Weeknight dinner rescue arrived in the form of this bright, garlicky pasta during a particularly exhausting Wednesday when takeout felt like the only option. The way the lemon cuts through the rich butter while garlic perfumes every strand of pasta somehow makes the whole week feel lighter. I've since made this more times than I can count, always amazed that something so restaurant-worthy comes together in thirty minutes flat.

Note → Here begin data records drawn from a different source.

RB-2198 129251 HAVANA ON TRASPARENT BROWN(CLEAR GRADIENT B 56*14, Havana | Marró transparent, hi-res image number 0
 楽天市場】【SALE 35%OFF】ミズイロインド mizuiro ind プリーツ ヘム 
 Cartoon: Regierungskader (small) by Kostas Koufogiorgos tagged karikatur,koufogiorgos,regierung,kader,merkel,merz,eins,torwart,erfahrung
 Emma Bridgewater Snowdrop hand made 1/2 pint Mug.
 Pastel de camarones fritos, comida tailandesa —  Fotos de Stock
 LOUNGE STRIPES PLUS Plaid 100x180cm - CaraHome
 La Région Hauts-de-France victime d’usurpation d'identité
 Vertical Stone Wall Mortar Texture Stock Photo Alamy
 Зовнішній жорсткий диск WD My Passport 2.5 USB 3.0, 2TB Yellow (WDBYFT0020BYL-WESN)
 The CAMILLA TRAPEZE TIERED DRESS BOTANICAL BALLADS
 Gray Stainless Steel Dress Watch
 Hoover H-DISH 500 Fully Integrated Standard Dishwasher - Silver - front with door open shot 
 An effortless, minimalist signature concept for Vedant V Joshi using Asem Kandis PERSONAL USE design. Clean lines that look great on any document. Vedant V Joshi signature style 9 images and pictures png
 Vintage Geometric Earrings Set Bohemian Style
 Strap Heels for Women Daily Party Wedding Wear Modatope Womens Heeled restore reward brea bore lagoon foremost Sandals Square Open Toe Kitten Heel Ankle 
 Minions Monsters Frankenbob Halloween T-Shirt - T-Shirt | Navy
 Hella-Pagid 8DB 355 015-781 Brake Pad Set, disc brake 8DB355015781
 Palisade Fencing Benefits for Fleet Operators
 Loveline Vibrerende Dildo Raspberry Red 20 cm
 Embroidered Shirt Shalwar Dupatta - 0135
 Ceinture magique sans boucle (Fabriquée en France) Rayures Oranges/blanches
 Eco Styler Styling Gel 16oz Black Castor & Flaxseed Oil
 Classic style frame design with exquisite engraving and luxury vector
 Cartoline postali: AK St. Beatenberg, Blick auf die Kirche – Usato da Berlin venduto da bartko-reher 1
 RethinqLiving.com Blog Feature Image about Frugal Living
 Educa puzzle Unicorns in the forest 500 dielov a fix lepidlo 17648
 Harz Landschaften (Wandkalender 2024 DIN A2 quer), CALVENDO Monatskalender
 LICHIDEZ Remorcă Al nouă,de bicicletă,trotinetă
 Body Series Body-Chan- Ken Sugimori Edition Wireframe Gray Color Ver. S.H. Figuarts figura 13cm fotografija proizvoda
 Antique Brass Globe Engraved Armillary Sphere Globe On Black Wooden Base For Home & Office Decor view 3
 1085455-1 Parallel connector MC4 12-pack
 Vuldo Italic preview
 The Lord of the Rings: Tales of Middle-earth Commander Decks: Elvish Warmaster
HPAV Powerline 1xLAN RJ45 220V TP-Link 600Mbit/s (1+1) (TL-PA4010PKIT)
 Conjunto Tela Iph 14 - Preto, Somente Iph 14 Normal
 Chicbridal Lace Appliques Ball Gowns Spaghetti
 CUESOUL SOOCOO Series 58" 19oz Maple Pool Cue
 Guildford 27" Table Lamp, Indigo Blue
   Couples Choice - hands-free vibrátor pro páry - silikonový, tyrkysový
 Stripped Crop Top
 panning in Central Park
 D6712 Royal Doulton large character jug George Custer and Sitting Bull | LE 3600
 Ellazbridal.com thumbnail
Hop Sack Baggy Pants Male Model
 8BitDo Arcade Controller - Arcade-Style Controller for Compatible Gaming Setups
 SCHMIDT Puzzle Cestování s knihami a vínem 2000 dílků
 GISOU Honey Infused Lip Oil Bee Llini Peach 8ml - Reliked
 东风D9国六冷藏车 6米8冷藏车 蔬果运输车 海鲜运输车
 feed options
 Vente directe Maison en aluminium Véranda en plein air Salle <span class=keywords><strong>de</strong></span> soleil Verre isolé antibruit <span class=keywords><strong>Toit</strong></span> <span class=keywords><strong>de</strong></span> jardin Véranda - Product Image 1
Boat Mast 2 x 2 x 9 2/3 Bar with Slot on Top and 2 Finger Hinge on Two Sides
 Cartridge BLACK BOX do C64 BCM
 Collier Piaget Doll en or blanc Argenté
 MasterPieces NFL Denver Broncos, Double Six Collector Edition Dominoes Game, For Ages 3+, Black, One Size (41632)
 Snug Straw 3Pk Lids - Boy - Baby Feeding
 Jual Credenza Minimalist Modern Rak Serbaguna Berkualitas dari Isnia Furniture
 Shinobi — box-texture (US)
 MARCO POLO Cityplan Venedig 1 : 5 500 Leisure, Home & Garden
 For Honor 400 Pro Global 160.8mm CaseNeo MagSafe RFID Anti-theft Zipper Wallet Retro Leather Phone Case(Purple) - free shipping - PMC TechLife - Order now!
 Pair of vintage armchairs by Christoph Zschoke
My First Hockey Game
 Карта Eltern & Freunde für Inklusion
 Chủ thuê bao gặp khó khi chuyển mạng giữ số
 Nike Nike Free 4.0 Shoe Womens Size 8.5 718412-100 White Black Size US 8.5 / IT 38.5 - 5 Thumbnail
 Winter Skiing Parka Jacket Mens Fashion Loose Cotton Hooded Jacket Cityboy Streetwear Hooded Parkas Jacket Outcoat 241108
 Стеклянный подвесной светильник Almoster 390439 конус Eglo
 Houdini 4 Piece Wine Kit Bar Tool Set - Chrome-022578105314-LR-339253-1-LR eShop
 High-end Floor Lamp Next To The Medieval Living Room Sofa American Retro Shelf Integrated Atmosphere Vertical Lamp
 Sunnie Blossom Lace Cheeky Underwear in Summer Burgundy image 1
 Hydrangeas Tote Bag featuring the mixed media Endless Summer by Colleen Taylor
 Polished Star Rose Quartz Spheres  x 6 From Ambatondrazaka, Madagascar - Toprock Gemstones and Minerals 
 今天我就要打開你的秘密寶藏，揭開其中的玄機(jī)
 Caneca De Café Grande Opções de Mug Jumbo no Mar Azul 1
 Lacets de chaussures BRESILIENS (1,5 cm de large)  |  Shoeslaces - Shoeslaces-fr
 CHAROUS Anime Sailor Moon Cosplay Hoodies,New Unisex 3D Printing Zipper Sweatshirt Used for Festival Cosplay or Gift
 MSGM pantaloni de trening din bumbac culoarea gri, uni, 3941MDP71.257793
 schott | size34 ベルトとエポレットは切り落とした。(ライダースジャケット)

My sister-in-law asked for this recipe three times after I first served it at a casual Sunday supper, and now it's become her go-to for impressing dinner guests without actually trying. The way people go silent when that first garlicky, lemony forkful hits their tongues tells you everything about why this works so beautifully.
Ingredients
- Large shrimp: Fresh or thawed frozen work perfectly here, but pat them completely dry before seasoning or they'll steam instead of sear
- Kosher salt and black pepper: Simple seasoning that lets the sweet shrimp flavor shine through without competing with the garlic and lemon
- Spaghetti or linguine: Long strands catch the light sauce beautifully, though any pasta shape will work in a pinch
- Olive oil: Use a decent quality oil since it's one of the main flavor components alongside the garlic
- Garlic cloves: Freshly minced garlic is non-negotiable here, jarred stuff turns bitter and ruins the delicate balance
- Lemon zest and juice: Both parts matter, the zest gives aromatic brightness while the juice provides the acidic punch
- White wine or broth: Dry white wine adds subtle complexity, but broth keeps it family-friendly if that's a concern
- Unsalted butter: Creates that silky, emulsified sauce that makes restaurant pasta so irresistible
- Fresh parsley and Parmesan: The parsley adds fresh color and the Parmesan brings a salty, nutty finish that ties everything together
Instructions
- Get the pasta water going first:
- Bring a large pot of generously salted water to a boil, then cook the pasta until just al dente, remembering that reserved pasta water is liquid gold for sauce consistency
- Season the shrimp while water heats:
- Pat the shrimp completely dry with paper towels, then sprinkle with salt and pepper, letting them sit while you prep everything else
- Sear the shrimp properly:
- Heat two tablespoons olive oil in a large skillet over medium-high heat, add shrimp in a single layer without crowding, and cook for just one to two minutes per side until pink and opaque
- Build the aromatic base:
- Reduce heat to medium, add the remaining olive oil along with garlic, lemon zest, and red pepper flakes, cooking for about one minute until fragrant but not browned
- Create the sauce:
- Pour in the wine or broth and let it bubble for two to three minutes while scraping up any browned bits, then stir in the lemon juice and butter until melted
- Bring it all together:
- Return the shrimp to the skillet, add the drained pasta, and toss everything together while adding splashes of that precious pasta water until the sauce coats each strand
- Finish with flourish:
- Remove from heat, stir in the parsley, sprinkle generously with Parmesan, and serve immediately with extra lemon wedges on the side
This pasta has become my default answer to practically every question about what to cook when company's coming and I want something impressive without the stress. Last summer, we ate it on the back porch while fireflies started blinking in the yard, and my friend announced it was the best thing she'd eaten all year.
Wine Pairing Magic
A crisp Pinot Grigio or Sauvignon Blanc mirrors the citrus notes while cutting through the butter, though honestly any dry white wine you enjoy drinking will work beautifully. I've served this with everything from bargain bottles to surprisingly good grocery store finds, and the dish somehow makes everything taste intentional and thoughtful.
Make It Your Own
Cherry tomatoes add sweet bursts of acidity when tossed in during the last minute of cooking, and baby spinach wilts beautifully into the sauce for extra color and nutrition. I've also added arugula at the very end for a peppery bite that cuts through the richness, and once I threw in some asparagus pieces during pasta cooking time for a one-pot spring version.
Serving Suggestions
A simple green salad with vinaigrette balances the richness perfectly, though honestly this pasta stands alone as a complete meal. Crusty bread for soaking up extra sauce is never a bad idea, and a light white wine makes everything feel like a proper Italian dinner party.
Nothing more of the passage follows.